#### Exercise goal:
As soon as the line containing "Vinnerne er selskaper" appears, copy it and every following line word for word until the records end.

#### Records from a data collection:

-------

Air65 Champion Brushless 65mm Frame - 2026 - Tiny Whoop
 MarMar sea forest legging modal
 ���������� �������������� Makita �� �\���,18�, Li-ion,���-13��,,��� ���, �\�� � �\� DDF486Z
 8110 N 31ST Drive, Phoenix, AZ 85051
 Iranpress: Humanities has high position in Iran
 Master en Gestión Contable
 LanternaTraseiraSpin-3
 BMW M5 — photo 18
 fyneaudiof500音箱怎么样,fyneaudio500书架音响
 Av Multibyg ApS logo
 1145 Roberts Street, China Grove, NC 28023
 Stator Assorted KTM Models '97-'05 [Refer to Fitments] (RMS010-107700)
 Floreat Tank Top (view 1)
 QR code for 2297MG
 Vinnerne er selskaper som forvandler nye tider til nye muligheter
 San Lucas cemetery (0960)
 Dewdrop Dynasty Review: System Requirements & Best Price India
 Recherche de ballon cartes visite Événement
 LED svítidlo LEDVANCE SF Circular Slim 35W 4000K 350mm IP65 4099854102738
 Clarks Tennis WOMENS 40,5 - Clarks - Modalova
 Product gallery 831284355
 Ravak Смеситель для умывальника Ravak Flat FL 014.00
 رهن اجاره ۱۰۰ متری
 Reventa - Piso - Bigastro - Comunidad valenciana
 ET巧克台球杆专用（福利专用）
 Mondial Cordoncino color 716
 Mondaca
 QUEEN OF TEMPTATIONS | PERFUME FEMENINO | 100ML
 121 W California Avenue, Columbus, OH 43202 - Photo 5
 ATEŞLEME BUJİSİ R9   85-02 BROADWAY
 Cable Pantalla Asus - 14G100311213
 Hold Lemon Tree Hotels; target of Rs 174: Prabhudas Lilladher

-------

#### Response below:
 Vinnerne er selskaper som forvandler nye tider til nye muligheter
 San Lucas cemetery (0960)
 Dewdrop Dynasty Review: System Requirements & Best Price India
 Recherche de ballon cartes visite Événement
 LED svítidlo LEDVANCE SF Circular Slim 35W 4000K 350mm IP65 4099854102738
 Clarks Tennis WOMENS 40,5 - Clarks - Modalova
 Product gallery 831284355
 Ravak Смеситель для умывальника Ravak Flat FL 014.00
 رهن اجاره ۱۰۰ متری
 Reventa - Piso - Bigastro - Comunidad valenciana
 ET巧克台球杆专用（福利专用）
 Mondial Cordoncino color 716
 Mondaca
 QUEEN OF TEMPTATIONS | PERFUME FEMENINO | 100ML
 121 W California Avenue, Columbus, OH 43202 - Photo 5
 ATEŞLEME BUJİSİ R9   85-02 BROADWAY
 Cable Pantalla Asus - 14G100311213
 Hold Lemon Tree Hotels; target of Rs 174: Prabhudas Lilladher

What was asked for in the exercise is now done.